**Work task**
Starting at the first line, copy the data below through to the end, exactly.

======

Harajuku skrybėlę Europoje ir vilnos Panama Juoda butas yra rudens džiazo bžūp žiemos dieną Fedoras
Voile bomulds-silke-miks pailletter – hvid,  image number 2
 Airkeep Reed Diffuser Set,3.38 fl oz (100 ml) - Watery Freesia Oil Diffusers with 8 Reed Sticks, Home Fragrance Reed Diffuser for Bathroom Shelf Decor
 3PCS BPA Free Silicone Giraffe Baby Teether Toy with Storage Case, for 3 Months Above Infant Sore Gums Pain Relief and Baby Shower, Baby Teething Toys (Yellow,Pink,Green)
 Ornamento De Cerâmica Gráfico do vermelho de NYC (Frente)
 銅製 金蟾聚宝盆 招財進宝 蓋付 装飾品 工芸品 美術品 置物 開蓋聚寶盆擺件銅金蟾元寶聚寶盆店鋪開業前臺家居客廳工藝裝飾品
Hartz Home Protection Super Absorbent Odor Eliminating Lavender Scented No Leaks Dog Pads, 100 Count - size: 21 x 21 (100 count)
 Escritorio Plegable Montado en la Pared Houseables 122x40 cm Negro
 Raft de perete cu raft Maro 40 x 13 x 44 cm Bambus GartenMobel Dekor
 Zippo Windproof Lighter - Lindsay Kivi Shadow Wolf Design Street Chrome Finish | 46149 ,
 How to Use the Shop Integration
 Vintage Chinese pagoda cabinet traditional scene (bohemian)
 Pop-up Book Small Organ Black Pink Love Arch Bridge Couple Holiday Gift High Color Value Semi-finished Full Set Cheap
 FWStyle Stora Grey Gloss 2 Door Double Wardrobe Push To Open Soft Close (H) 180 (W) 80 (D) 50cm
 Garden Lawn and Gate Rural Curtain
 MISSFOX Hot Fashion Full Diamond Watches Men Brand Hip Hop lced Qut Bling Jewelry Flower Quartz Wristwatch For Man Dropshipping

======

**Solution for this problem**
Harajuku skrybėlę Europoje ir vilnos Panama Juoda butas yra rudens džiazo bžūp žiemos dieną Fedoras
Voile bomulds-silke-miks pailletter – hvid,  image number 2
 Airkeep Reed Diffuser Set,3.38 fl oz (100 ml) - Watery Freesia Oil Diffusers with 8 Reed Sticks, Home Fragrance Reed Diffuser for Bathroom Shelf Decor
 3PCS BPA Free Silicone Giraffe Baby Teether Toy with Storage Case, for 3 Months Above Infant Sore Gums Pain Relief and Baby Shower, Baby Teething Toys (Yellow,Pink,Green)
 Ornamento De Cerâmica Gráfico do vermelho de NYC (Frente)
 銅製 金蟾聚宝盆 招財進宝 蓋付 装飾品 工芸品 美術品 置物 開蓋聚寶盆擺件銅金蟾元寶聚寶盆店鋪開業前臺家居客廳工藝裝飾品
Hartz Home Protection Super Absorbent Odor Eliminating Lavender Scented No Leaks Dog Pads, 100 Count - size: 21 x 21 (100 count)
 Escritorio Plegable Montado en la Pared Houseables 122x40 cm Negro
 Raft de perete cu raft Maro 40 x 13 x 44 cm Bambus GartenMobel Dekor
 Zippo Windproof Lighter - Lindsay Kivi Shadow Wolf Design Street Chrome Finish | 46149 ,
 How to Use the Shop Integration
 Vintage Chinese pagoda cabinet traditional scene (bohemian)
 Pop-up Book Small Organ Black Pink Love Arch Bridge Couple Holiday Gift High Color Value Semi-finished Full Set Cheap
 FWStyle Stora Grey Gloss 2 Door Double Wardrobe Push To Open Soft Close (H) 180 (W) 80 (D) 50cm
 Garden Lawn and Gate Rural Curtain
 MISSFOX Hot Fashion Full Diamond Watches Men Brand Hip Hop lced Qut Bling Jewelry Flower Quartz Wristwatch For Man Dropshipping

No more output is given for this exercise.